Yazdıklarım egonuzu çapalayabilir. Okuduktan sonra yok bizde olmaz öyle şeyler diyebilirsiniz ki benliğinizin zarar görmemesi için savunma mekanizmanız devreye girebilir normaldir.
Çocuk terapilerinde aileye ilk sorduğumuz sorulardan biri, çocuk sahibi olmak için bir plan yaptılar mı yoksa sürpriz bir çocuk muydu? Çocuk sahibi olmanın öncesindeki düşünceler bile çocuğun gelişimini etkilemektedir. Çocuk 0-2 yaş sürecinde anneyle bağlanma süreci içine girmektedir. Bu süreci sağlıklı atlatmak çocuğun bundan sonraki hayatında insan ilişkileri ve duygusal ilişkilerine olumlu yönde etki etmektedir.
Anneyle olan bağını koparamayan çocuklar 3-5 yaş aralığındaki ödipal dönemi sağlıklı atlatamazlar. Bu dönemde anneyi babadan kıskanma, babaya karşı gelme onu bir rakip olarak görme durumları yaşanır. Dediğimiz gibi bu dönem sağlıklı atlatılamadığında ilerleyen dönemlerinde bu erkek çocukta cinsel isteksizlik yaşanmaktadır.
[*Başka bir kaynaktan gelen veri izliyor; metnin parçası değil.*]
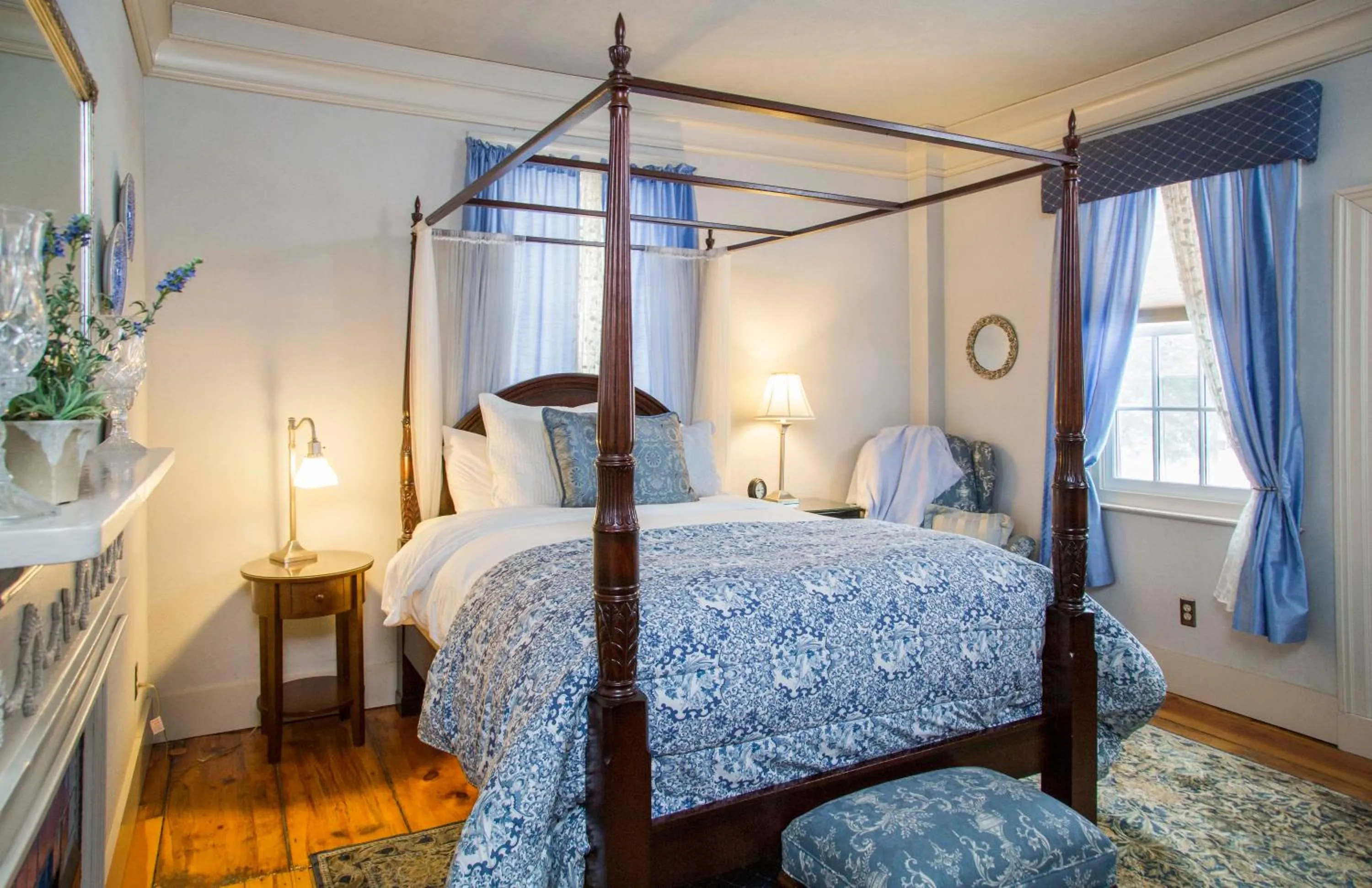 Bed in Daniel Stebbins B and B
Ailedeki mükemmelliyetçi anneler, mağdur ya da sürekli sızlanan anneler, hastalık hastası durumuyla sürekli üzerinde ilgi isteyen anneler, kendi yapamadıklarını sürekli ‘Ben yapamadım çocuğum yapsın’ diyen anneler, eşlerinden yeterli ilgili göremeyen anneler hayatlarındaki tüm enerjilerini çocuklarıyla ilgili konuya odaklarlar ve varoluşlarını çocuklar üzerinden tamamlarlar. Ve böylece anne bağımlısı çocukların oluşumuna zemin hazırlanmış olur.
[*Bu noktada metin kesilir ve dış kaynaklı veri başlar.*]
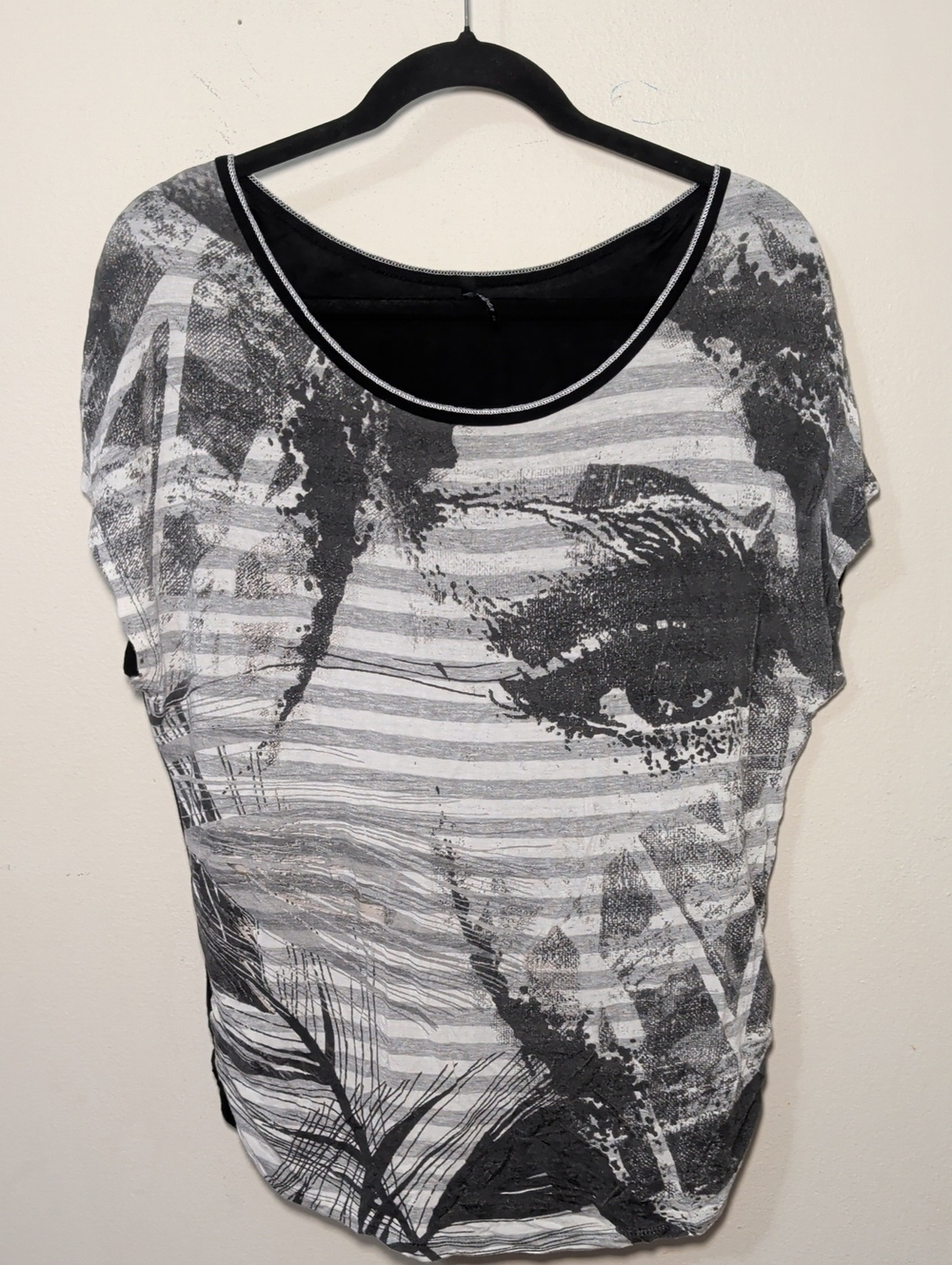 Edista Gray + White Striped T-shirt Abstract Face + Feathers Graphic Women's S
Karşımıza çıkan en önemli sorunlardan biri de bu çocukların yetişkinlik yaşlarında kurmaya çalıştıkları duygusal ilişkiler! Şöyle ki; annesinden kopamayan çocuklar duygusal ilişkilerinde de özgüven sorunu yaşayacaklar ve kendilerine bir partner değil ‘ANNE’ arayışı içine girecekler. Evliliklerinin ilk yıllarında çok sorun görmeseler de ilerleyen dönemlerde cinsel isteksizlik ve karı-kocalığın gerektirdiği duygusal yoğunluğu yaşamadıkları görülmüştür. Hele ki bir de eş hamile kaldıysa ‘KUTSAL MERYEM’e dönüşen bir kadın olmuştur annesinden ayrışamayan adamın gözünde!